Cambodian police arrest Japanese national in human trafficking probe

Police in Cambodia have accused Japanese national Susumu Fukui, 52, of masterminding a human trafficking operation that sent women from Phnom Penh to Japan
Police in Cambodia have accused Japanese national Susumu Fukui (second from right) of masterminding a human trafficking operation that sent women from Phnom Penh to Japan (Phnom Penh Post)

CAMBODIA (TR) – Cambodian police last week arrested a Japanese national living in the capital Phnom Penh as a part of a human trafficking case that emerged in Japan last year.

On February 4, police arrested restaurant manager Susumu Fukui, his wife, a Cambodian national, and one other person for forcing Cambodian women into the sex trade in Japan after luring them under the false promise that they would be waitresses, according information posted to the National Police website, reports the Cambodia Daily (Feb. 7).

Last month, police in Japan’s rural Gunma Prefecture arrested two male Japanese nationals and a Thai woman for allegedly employing seven Cambodian women, aged between 20 and 36, as hostesses without proper visas at a parlor and bar in Numata and Shibukawa cities.

The suspects were accused of violating immigration laws.
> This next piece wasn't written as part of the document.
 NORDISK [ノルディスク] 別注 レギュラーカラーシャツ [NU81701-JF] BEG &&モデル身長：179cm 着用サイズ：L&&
However, they are also under investigation for coercing the women to work as prostitutes.

According to the Phnom Penh Post (Feb. 7), police in Cambodia allege that Susumu ran the operation, with he and his wife having told the Cambodian women that they could earn up to 5,000 U.S. dollars per month by working as waitresses in Japan. The third suspect, Seng Chandy, a 34-year-old employee at Susumu’s restaurant, was tasked with producing fake immigration documentation for the women.

Upon their arrival in Japan, however, the women were forced to serve as prostitutes for customers at the two establishments in Gunma.